For the past week or so, New England’s “fuel mix” for electricity generation has seen nuclear and coal plants exceed 100% of their capacity, while natural gas plants have been running at less than 50% of installed capacity. Some of this can be attributed to seasonal variations—the result of local distribution companies (LDCs) purchasing firm capacity to supply their customers with home-heating fuel to keep their homes warm—leaving the “scraps” and higher prices to generators. LDCs are able to secure contracted pricing for their natural gas, which insulates them from paying the spot market prices that natural gas electricity generators are forced to pay—which has led to wholesale electricity prices exceeding 30 cents per KWh for extended periods of time.
Market prices for natural gas have climbed 30% this year—and while they are still near historical lows nationwide—this rise alters the electricity generation dynamic in New England dramatically. With natural gas generators setting the price for electricity 80% of the time, New England ratepayers are becoming more-and-more susceptible to natural gas prices. Don’t look for relief in the form of pipeline expansion anytime soon either. LDCs are buying capacity to meet demand for new (natural gas) home-heating customers, but pipeline expansion to meet that demand will be small in scale and will do nothing to relieve the pipeline constraints that affect electricity generators.
A much bigger concern for the region is what the future may bring. Vermont Yankee, Brayton Point and Salem Harbor are all scheduled to close in the next few years—with only Salem scheduled to replace its existing generation (with a natural gas plant) if legal challenges can be overcome. ISO-NE has gone on record as saying that Brayton Point and Vermont Yankee aren’t needed to meet capacity requirements for New England’s grid. However, twenty percent of current generating capacity is in the form of oil-fired plants, which, because of economics, haven’t provided the region with more than 5% of its generation since 2003. Brayton and Yankee represent approximately 2,000 MW of generation—which means that a quarter of our capacity is either highly uneconomical or soon to be offline.

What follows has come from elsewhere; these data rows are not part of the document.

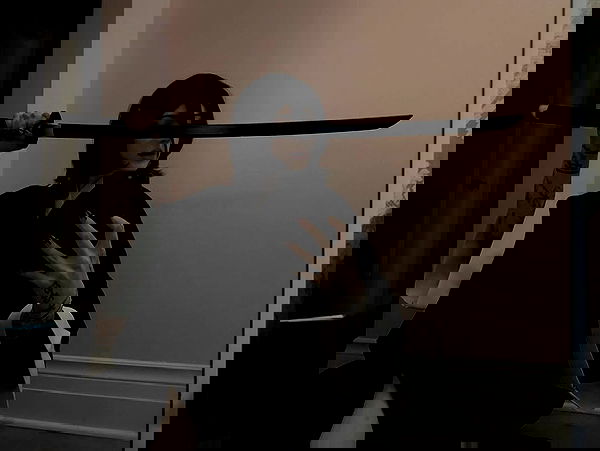 laurinchhhe image ~ Altpins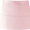 PR 155 zástera - pink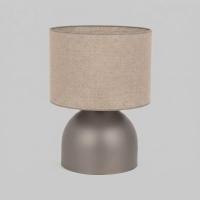 Настольная лампа TK Lighting 16195 Tami a072564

One reason that residential prices had been on the decline was the emergence of competitive suppliers in the region, many of whom had taken advantage of the very low natural gas prices and provided residential ratepayers with much-needed savings. However, with the price of natural gas climbing, some of these suppliers may face hard times. Last winter, one supplier was temporarily forced out of the market because they had insufficient capital to buy high-price electricity for its customers. Reducing competition in the electricity market is a step in the wrong direction if the goal is to reduce rates.
Unfortunately, policy-makers don’t seem to be focused on reducing electricity rates–instead promoting legislative initiatives that pick winners and losers when it comes to generation. Depending on the state, these policies shift every year based on the composition of the legislature and the power of a particular group of lobbyists. This often results in polices being changed before they can be properly evaluated (not a sound energy policy by any means), and having long-term (and detrimental) impacts on the regions electricity supply.

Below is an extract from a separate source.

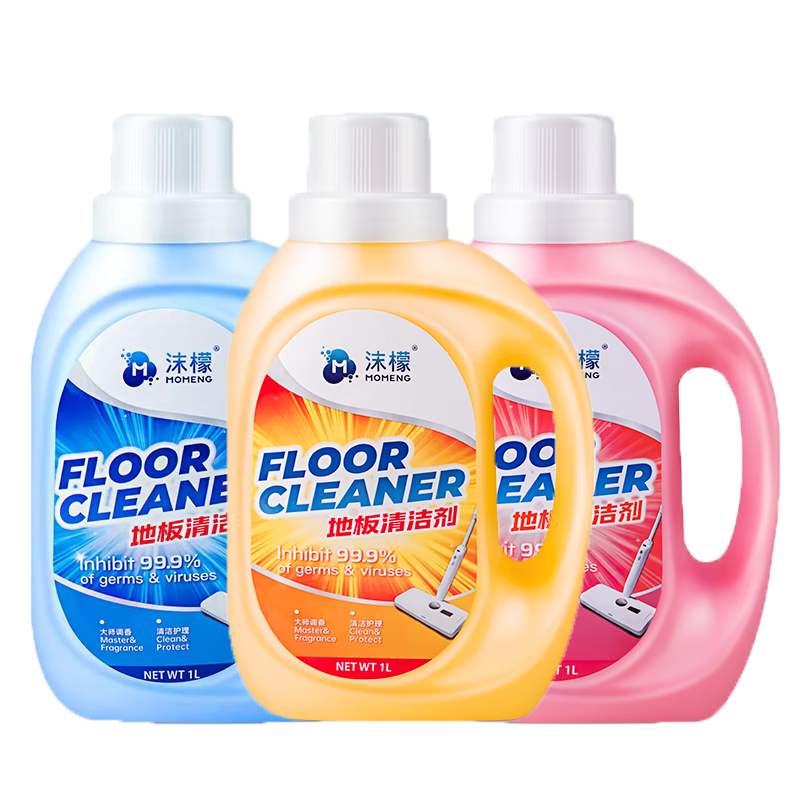 ĭ ذ 1L*3ƿ שľذϴ ǿɱȥ 79.9Ԫ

NERA has written on numerous occasions that policy-makers and stakeholders need to support initiatives that bring additional resources into the region and reduce our over reliance on natural gas. We need more resources that will provide reliable, affordable, base load power for businesses and residents. Several manufacturers have recently left New England for states with lower electricity rates and we have no way of measuring the number of businesses that don’t come here because our electricity rates are among the highest in the country.
Politicians are always preaching about the need for better jobs—specifically “blue-collar” jobs like those provided by manufacturers. They need to understand that you can’t create manufacturing jobs by supporting policies that raise the cost of electricity to the industries that provide the jobs, while simultaneously raising the cost of living to its employees.
Marc Brown is the Executive Director of the New England Ratepayers Association, a nonprofit dedicated to protecting ratepayers.